* _PROBLEM TO SOLVE_:
Restate the records that follow word for word; no pictures should appear.

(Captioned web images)
[Start of Attachment]
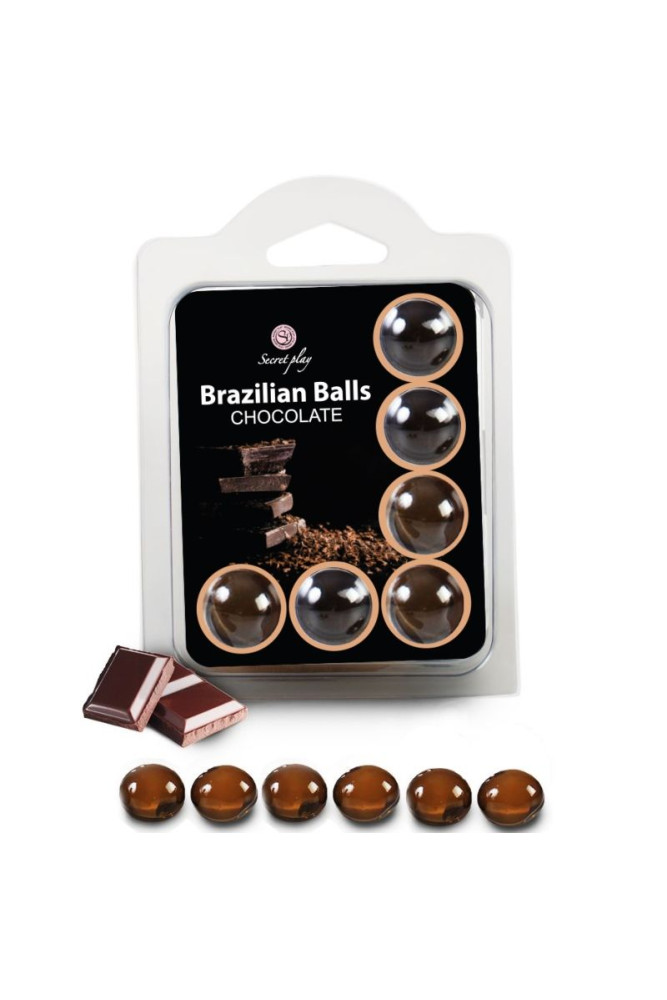 SECRETPLAY - SET 6 PALLINE BRASILIANI CIOCCOLATO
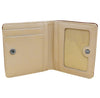 Leather Bi - Fold 2 - Tone Mini Wallet - Leila Jewels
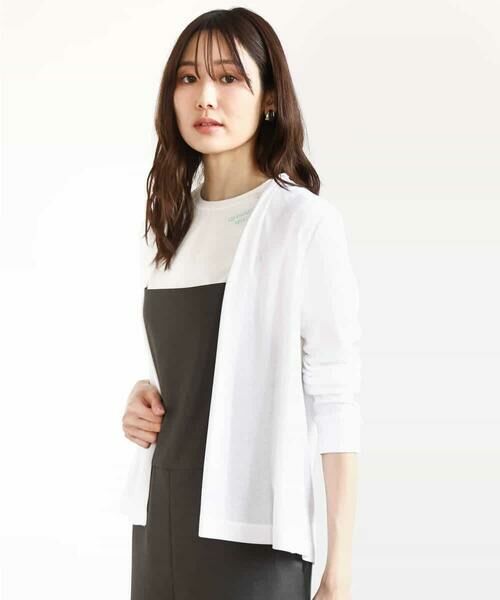 MK MICHEL KLEIN / エムケーミッシェルクラン カーディガン・ボレロ | ショート丈カーディガン/接触冷感/UVカット/洗える | 詳細5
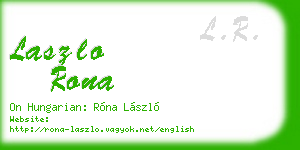 laszlo rona business card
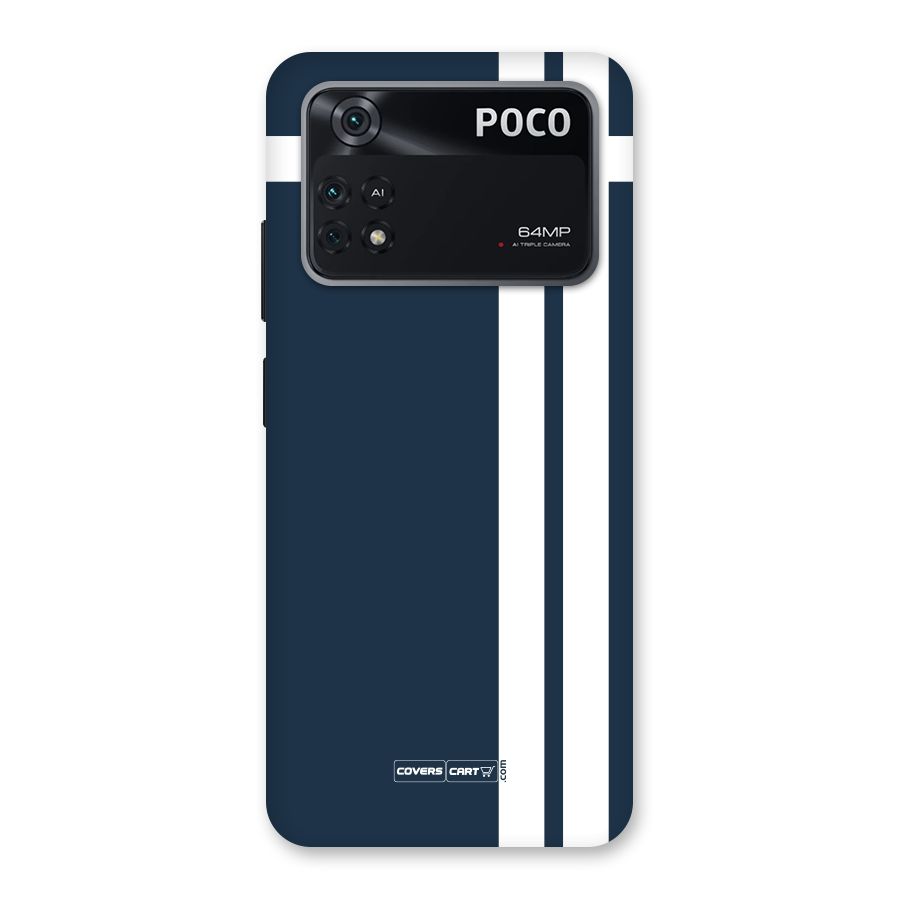 Blue and White Back Case for Poco M4 Pro 4G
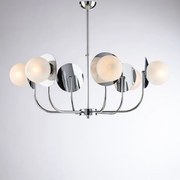 Selene - Lampa wisząca z polerowanego chromowanego żelaza 6 lamp X 80 - Ø92 - BL281-6-CR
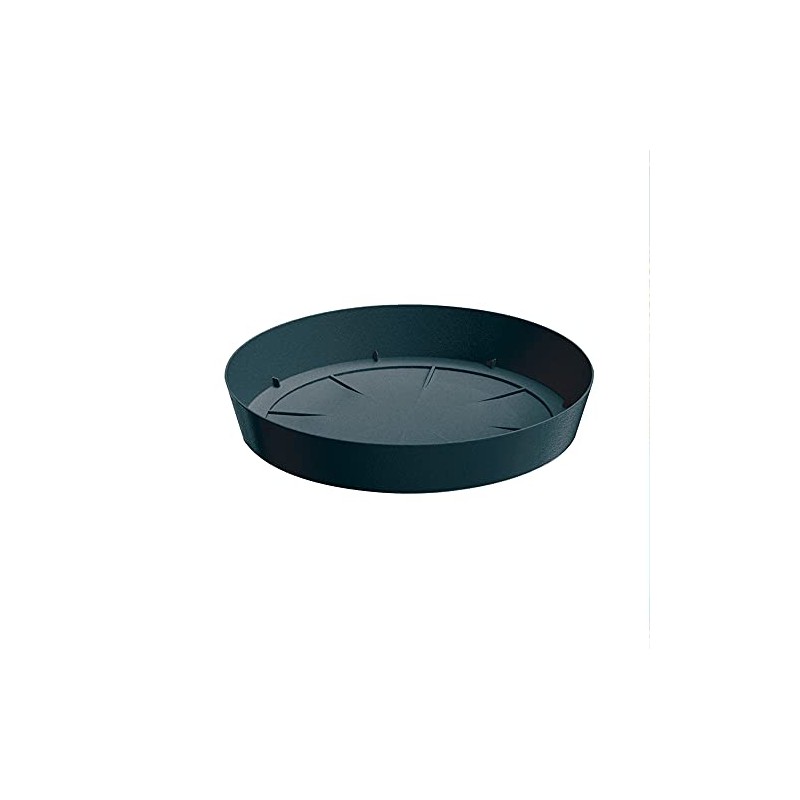 Prosper Plast Lofly Flowerpot, 29.3 x 27.1 cm, Anthracite, 29.3x29.3x27.1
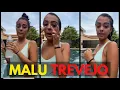 Malu trevejo instagram live August 2021 swim time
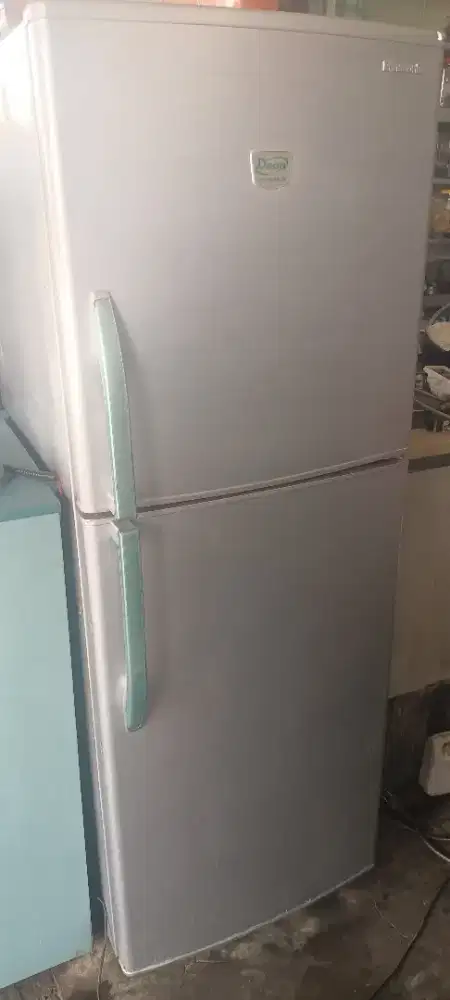 Jual kulkas panasonic jumbo 2 pintu normal dan garansi satu bulan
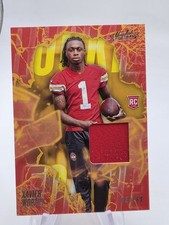 2024 Panini Absolute Xavier Worthy Rookie Force Jersey Relic Chiefs RC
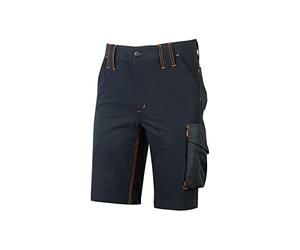 U-Power Future Mercury, Short cargo d'été pour homme, demi-pantalon ajusté, grandes poches multiples, tissu extensible, vêtements d'extérieur confortables (Deep Blue )
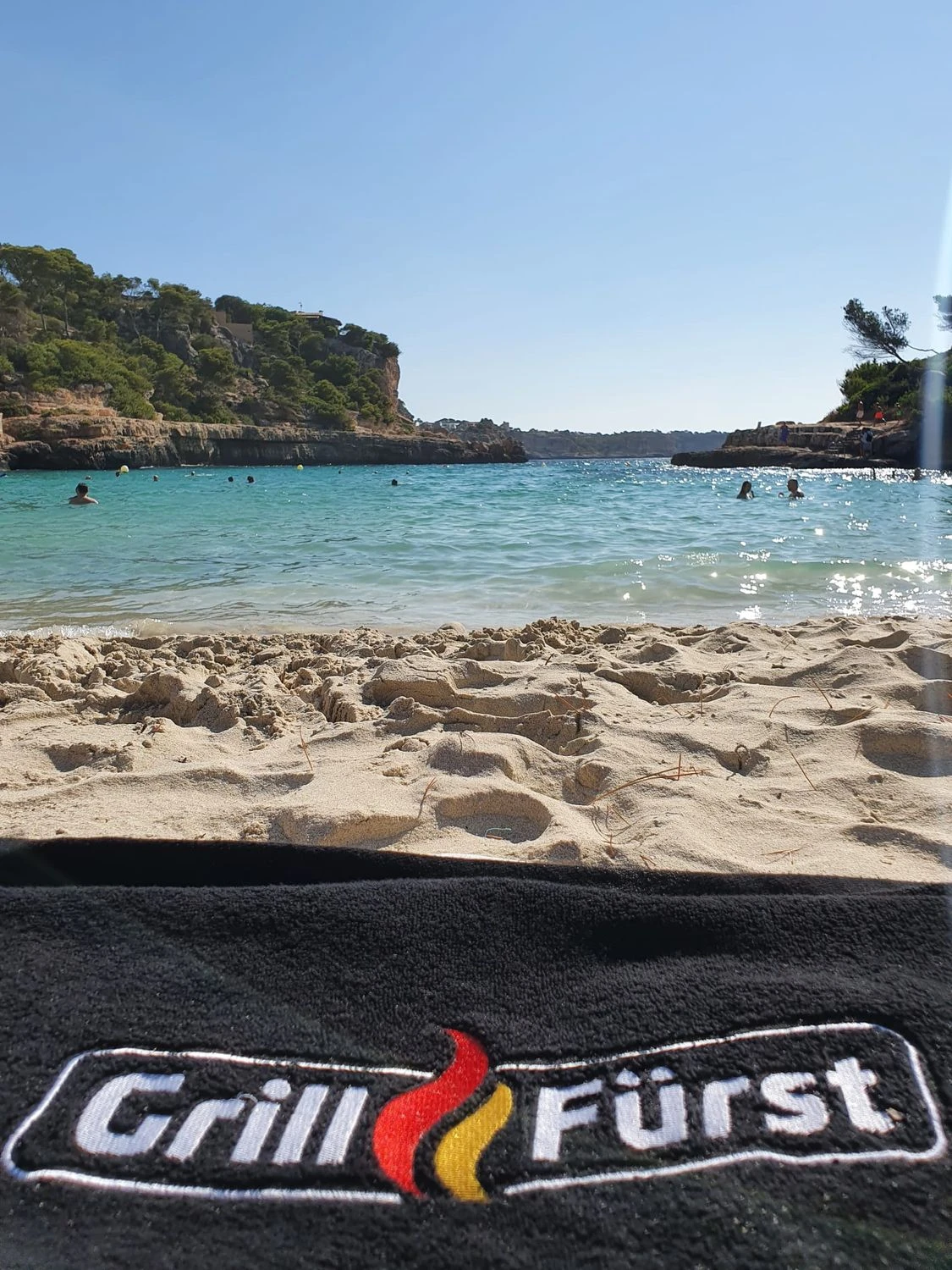 Grillfürst Premium Saunatuch / Handtuch / Badetuch / Strandtuch XL, 100% Baumwolle, 90 X 200 Cm 1 Grillfürst Premium Saunatuch / Handtuch / Badetuch / Strandtuch XL, 100% Baumwolle, 90 X 200 Cm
[End of Attachment]
* _EXERCISE SOLUTION_:
 SECRETPLAY - SET 6 PALLINE BRASILIANI CIOCCOLATO
 Leather Bi - Fold 2 - Tone Mini Wallet - Leila Jewels
 MK MICHEL KLEIN / エムケーミッシェルクラン カーディガン・ボレロ | ショート丈カーディガン/接触冷感/UVカット/洗える | 詳細5
 laszlo rona business card
 Blue and White Back Case for Poco M4 Pro 4G
 Selene - Lampa wisząca z polerowanego chromowanego żelaza 6 lamp X 80 - Ø92 - BL281-6-CR
 Prosper Plast Lofly Flowerpot, 29.3 x 27.1 cm, Anthracite, 29.3x29.3x27.1
 Malu trevejo instagram live August 2021 swim time
 Jual kulkas panasonic jumbo 2 pintu normal dan garansi satu bulan
 2024 Panini Absolute Xavier Worthy Rookie Force Jersey Relic Chiefs RC
 U-Power Future Mercury, Short cargo d'été pour homme, demi-pantalon ajusté, grandes poches multiples, tissu extensible, vêtements d'extérieur confortables (Deep Blue )
 Grillfürst Premium Saunatuch / Handtuch / Badetuch / Strandtuch XL, 100% Baumwolle, 90 X 200 Cm 1 Grillfürst Premium Saunatuch / Handtuch / Badetuch / Strandtuch XL, 100% Baumwolle, 90 X 200 Cm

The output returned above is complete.